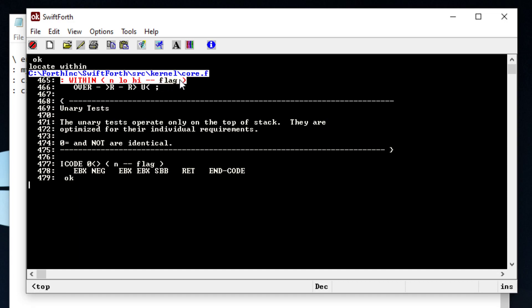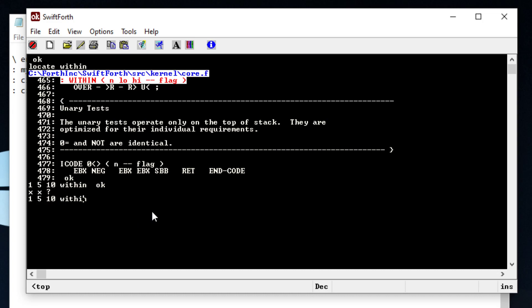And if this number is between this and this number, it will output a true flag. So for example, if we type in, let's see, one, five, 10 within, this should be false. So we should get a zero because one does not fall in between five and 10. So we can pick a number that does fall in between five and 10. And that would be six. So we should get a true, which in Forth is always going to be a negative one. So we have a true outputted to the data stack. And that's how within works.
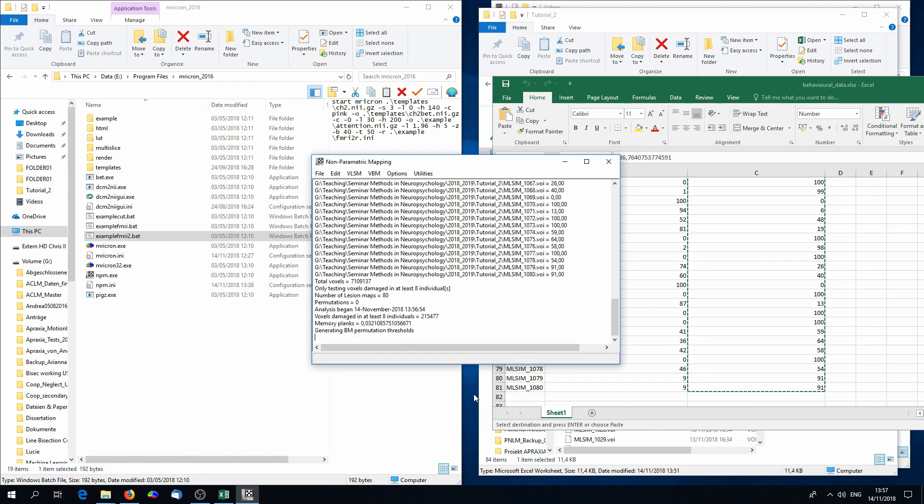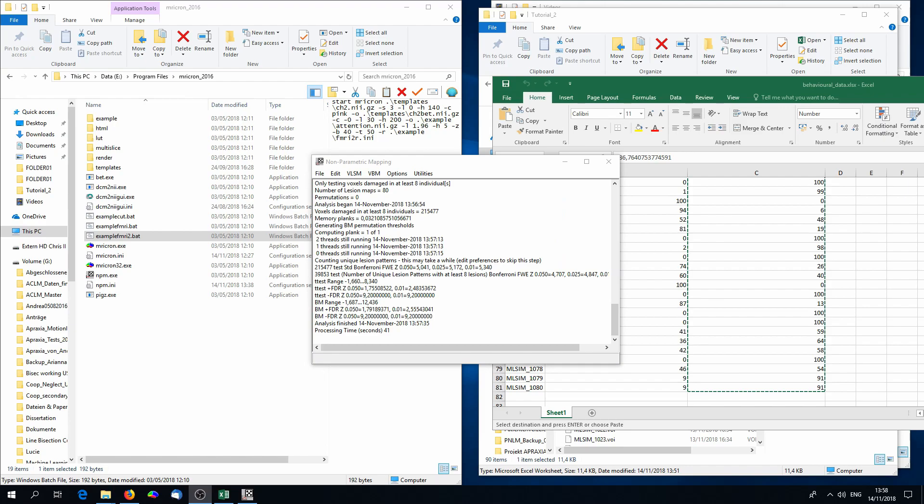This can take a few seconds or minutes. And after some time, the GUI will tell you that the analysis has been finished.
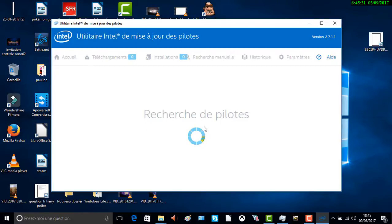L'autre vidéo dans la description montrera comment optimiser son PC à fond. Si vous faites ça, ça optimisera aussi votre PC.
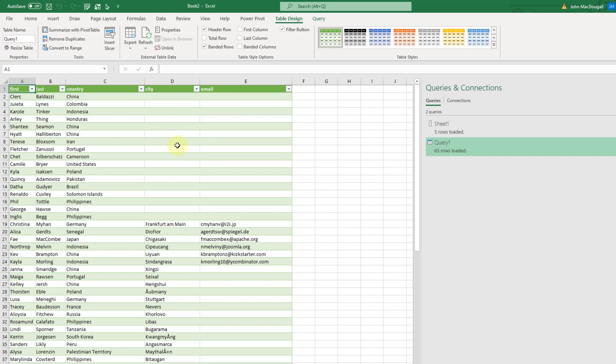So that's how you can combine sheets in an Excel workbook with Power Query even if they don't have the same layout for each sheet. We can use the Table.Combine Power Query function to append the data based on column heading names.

---

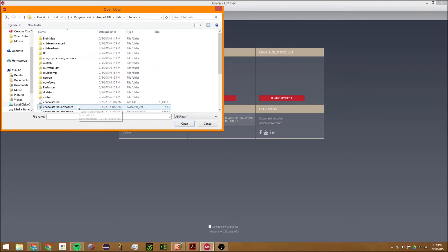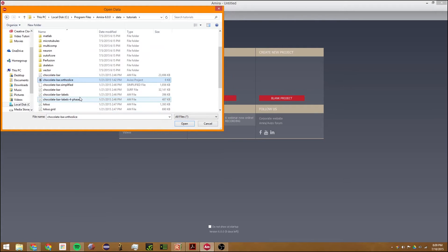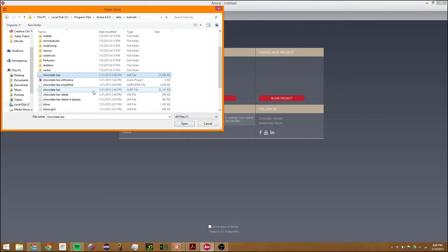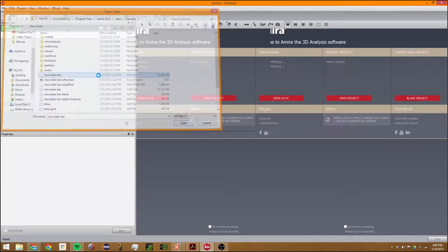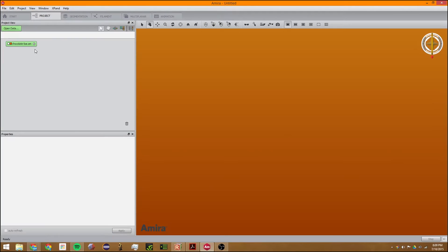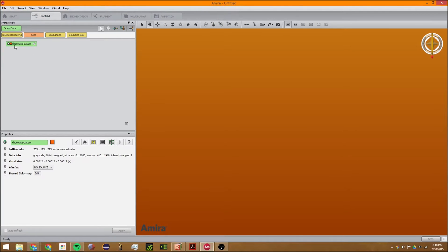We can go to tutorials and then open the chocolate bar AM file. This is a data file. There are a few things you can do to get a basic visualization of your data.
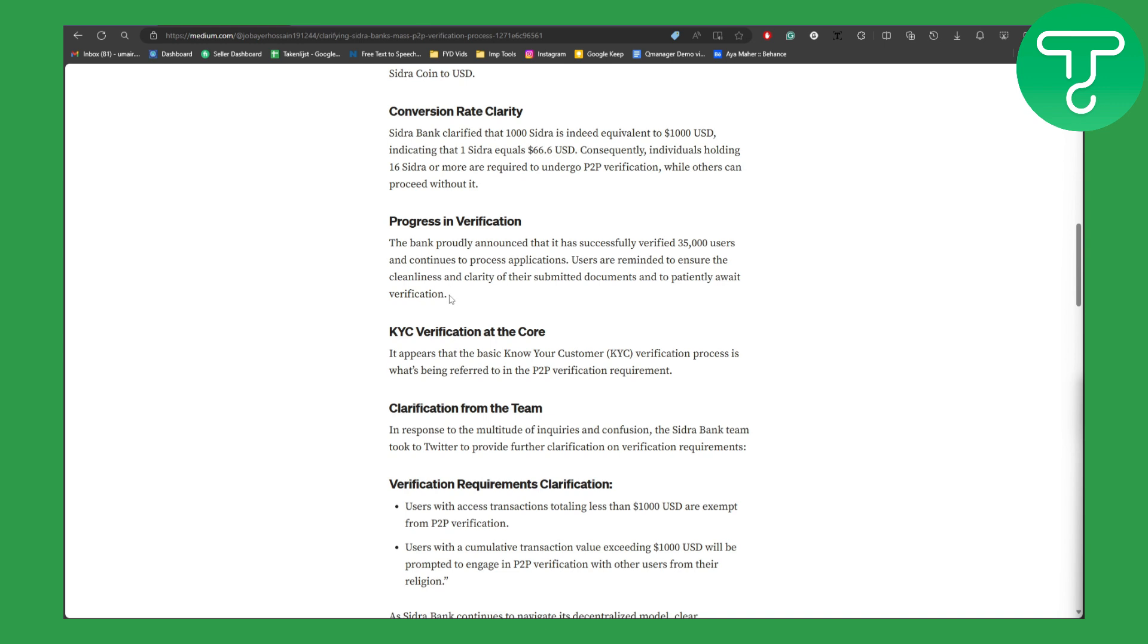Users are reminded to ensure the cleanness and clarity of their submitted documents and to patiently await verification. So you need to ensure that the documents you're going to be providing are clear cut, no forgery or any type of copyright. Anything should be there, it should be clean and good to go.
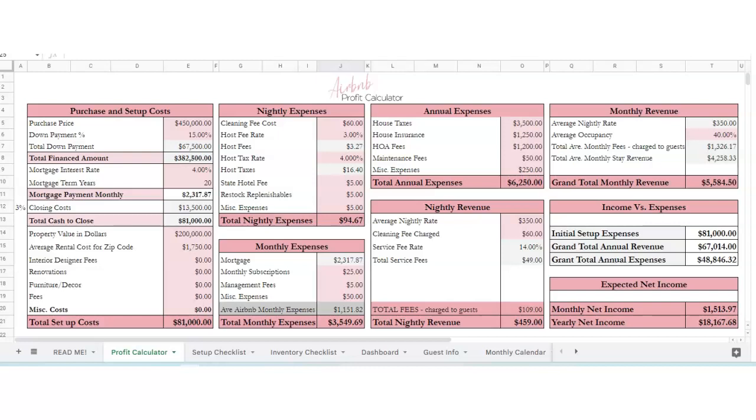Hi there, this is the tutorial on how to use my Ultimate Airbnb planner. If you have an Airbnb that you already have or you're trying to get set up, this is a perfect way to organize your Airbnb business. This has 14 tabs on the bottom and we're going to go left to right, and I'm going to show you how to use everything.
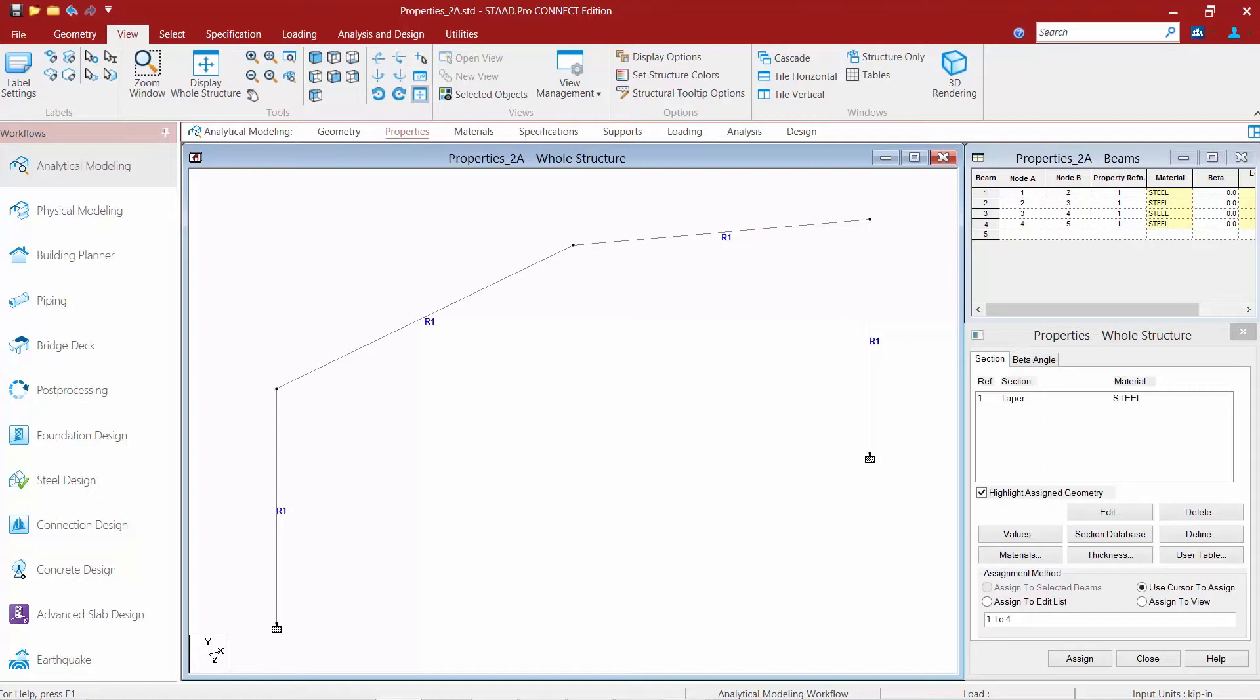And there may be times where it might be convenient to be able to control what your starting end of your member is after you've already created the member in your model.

* * *

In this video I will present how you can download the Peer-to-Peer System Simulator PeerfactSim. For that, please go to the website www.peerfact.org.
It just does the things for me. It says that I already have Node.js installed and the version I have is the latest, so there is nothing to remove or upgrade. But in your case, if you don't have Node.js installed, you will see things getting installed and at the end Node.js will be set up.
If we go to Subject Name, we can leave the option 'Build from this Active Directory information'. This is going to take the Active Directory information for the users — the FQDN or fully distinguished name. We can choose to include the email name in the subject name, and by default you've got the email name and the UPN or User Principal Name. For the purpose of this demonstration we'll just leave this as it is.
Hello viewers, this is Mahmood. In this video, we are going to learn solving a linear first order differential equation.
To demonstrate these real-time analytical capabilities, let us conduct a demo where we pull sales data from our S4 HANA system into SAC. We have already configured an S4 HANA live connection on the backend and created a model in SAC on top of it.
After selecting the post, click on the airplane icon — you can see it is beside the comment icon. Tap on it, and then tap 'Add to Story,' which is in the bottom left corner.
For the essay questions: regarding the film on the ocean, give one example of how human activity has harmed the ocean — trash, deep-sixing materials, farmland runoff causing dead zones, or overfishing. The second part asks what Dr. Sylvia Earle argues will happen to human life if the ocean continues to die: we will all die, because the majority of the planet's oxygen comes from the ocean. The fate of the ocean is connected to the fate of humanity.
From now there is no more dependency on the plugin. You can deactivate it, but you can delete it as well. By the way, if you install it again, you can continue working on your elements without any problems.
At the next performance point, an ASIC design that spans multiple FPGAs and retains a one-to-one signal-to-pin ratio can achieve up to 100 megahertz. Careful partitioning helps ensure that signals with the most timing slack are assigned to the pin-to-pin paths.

TASK OBJECTIVE:
When copying from the data above, begin at the line containing "And if this" and end at the line containing "So that's how"; return those lines exactly and leave all pictures behind.

RESULT BELOW:
And if this number is between this and this number, it will output a true flag. So for example, if we type in, let's see, one, five, 10 within, this should be false. So we should get a zero because one does not fall in between five and 10. So we can pick a number that does fall in between five and 10. And that would be six. So we should get a true, which in Forth is always going to be a negative one. So we have a true outputted to the data stack. And that's how within works.
This can take a few seconds or minutes. And after some time, the GUI will tell you that the analysis has been finished.
L'autre vidéo dans la description montrera comment optimiser son PC à fond. Si vous faites ça, ça optimisera aussi votre PC.
So that's how you can combine sheets in an Excel workbook with Power Query even if they don't have the same layout for each sheet. We can use the Table.Combine Power Query function to append the data based on column heading names.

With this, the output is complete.